手前味噌ながら、弊ブログ去年のエントリでもそのあたりについて書いている。過去5年のアーセナルは「商売ベタクラブ」のワースト5位。リストを見てもらうとわかるように、ビッグクラブばかりが名を連ねるワースト10クラブのうち、もっともIncomeの少ないのがアーセナル。

もっとも商売上手なフットボールクラブはどこだ(過去5年) | ARSENAL CHANGE EVERYTHING

もちろん、収支なので、近年のアーセナルは支出が多くなった(移籍市場で金をつかうようになった)ことも関係があるが、この規模のクラブのなかでは、やはり収入(選手売却)が少なすぎるのではないか。この5年程度を思い返しても、悪い判断はいくつもあったように思える。£50Mのオファーを蹴って、結局フリーで手放したアーロン・ラムジーなどはその最たるもの。

だいたいここ数年でまともな金額で売れたのが、チェンバレン、イウォビ、ウィロックくらいしかいないなんて。

AFC選手売却歴代ベスト10。TMより

前述したミズリンタットの獲得した8人の収支は、(※トレイラは噂どおりとして)£129Mの支出に対して、収入が£26.5Mということ。その差額は100ミリオン。この間、その8人で£100M分を使い倒したと、果たしていえるだろうか?

アーセナルの商売ベタについては、このブログでもこれまで何度も繰り返し書いてきたので、ここであまり突っ込んで書くつもりはない。が、ざっと考えられる理由だけ挙げておくと、

  • 選手のクオリティ特定(スカウティング)
  • 売却タイミング
  • 選手の給与設定

のようなものがあるだろう。

とくに最近アーセナル言論界隈で見かけたのは、そもそも買った選手が、その後に高く売れるほど優秀ではなかったのではないかということ。スカウティングのまずさ。

典型的なのは、やはりニコラス・ぺぺだろうか。アーセナルが買ったときがMVのピーク。これは移籍ビジネスにおける最悪のパターンだ。まあ、ぺぺはアーセナルとの相性問題もあるだろうから、ここで彼のクオリティについて云うのは不公平かもだが。ムスタフィやゲンドゥージ(こちらは人間性笑)のような名前も思い浮かぶ。

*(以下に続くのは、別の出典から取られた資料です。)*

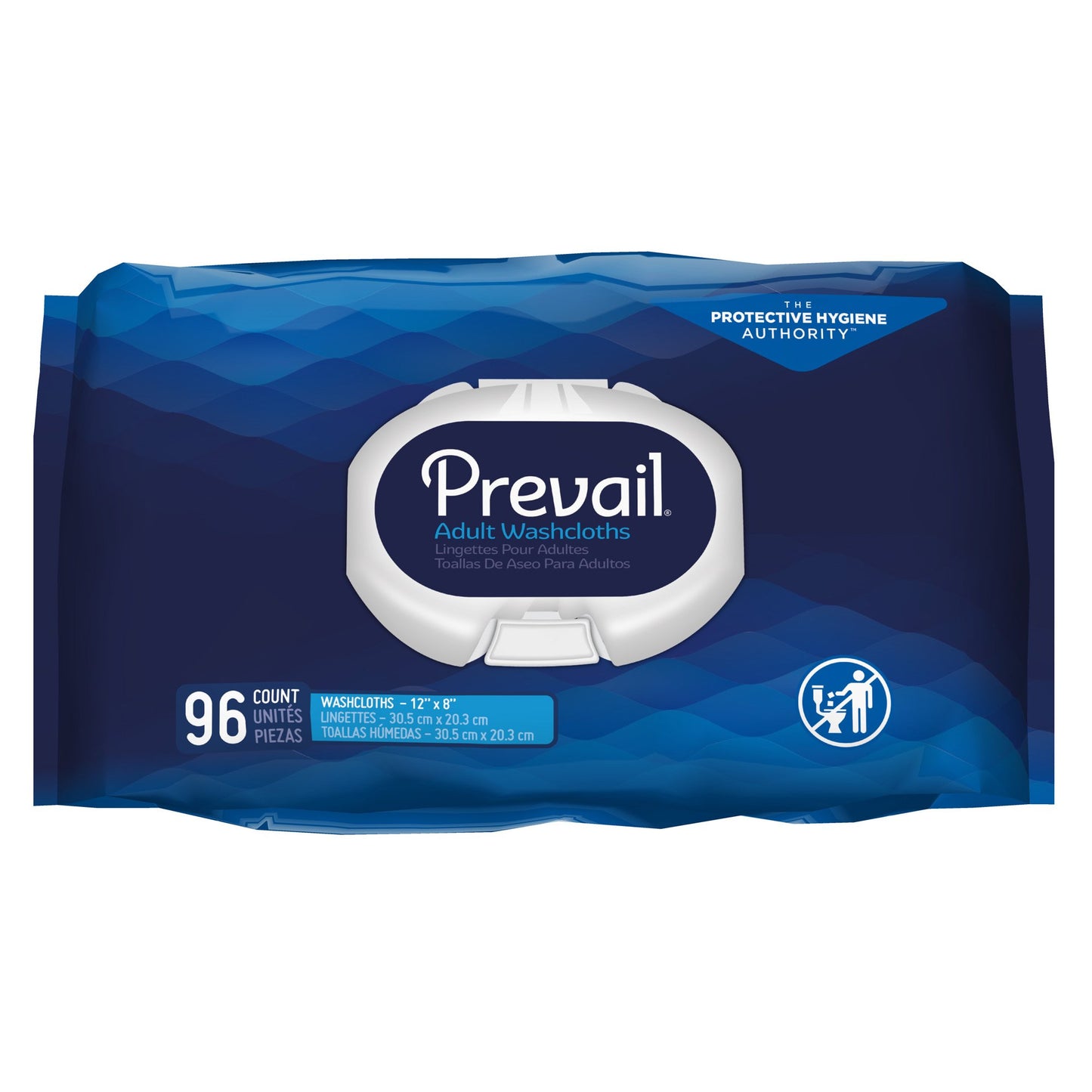 Prevail Adult Washcloths, Soft Pack, Aloe, Vitamin E, 8 x 12 Inch WW-720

それと、高い給与。平凡な選手にも高いサラリーを与えすぎ、というのはもうおそらく何年も前からアーセナルが指摘されつづけてきたこと。いま現在も財政難の世の中で、依然としてそのことが選手売却の足かせになっている。アーセナル、あるいはPLのビッグクラブなら当然でも、ヨーロッパのほとんどのクラブは同じようなサラリーを払うことができない。したがって、その選手を買うことができない。買い手がいないから売れない。

聞くところによれば、たとえばフランスのリーグアンでは、£100kpwのサラリーを受け取る選手というのはリーグ全体で18人しかいないのだそうだ。そしてそのうち16人はPSGの選手。それほど、アーセナルを含めたPLのビッグクラブ・ヨーロッパのエリートクラブとそれ以外では、世界が違っているという。

だから、移籍ビジネスのことも考えれば選手の給与設定には、かなり慎重になる必要がある。

悪しき流れをリセットする

というような悪い流れが、アーセナルにはずっとあったとして、エドゥとアルテタの時代になって、いまそれを劇的に改善しようと取り組んでいる最中なのではないか。

とくに、ウィリアン&ダヴィド・ルイス以降は、それが顕著に思える。高給の選手たちは、つぎつぎと退団している。

去年の夏、数々の疑問を呈されながらもアーセナルはU-23の選手しか取らなかったし、ジェズースとジンチェンコが25とはいえ、その方針はほとんど今年も維持しようとしている。

獲得する選手は基本的に、若く、優秀で、アーセナルのフィロソフィに合っており、野心があり、アティチュードがあり、給与が安い。リセイルヴァリュの期待できない選手はここにはいない。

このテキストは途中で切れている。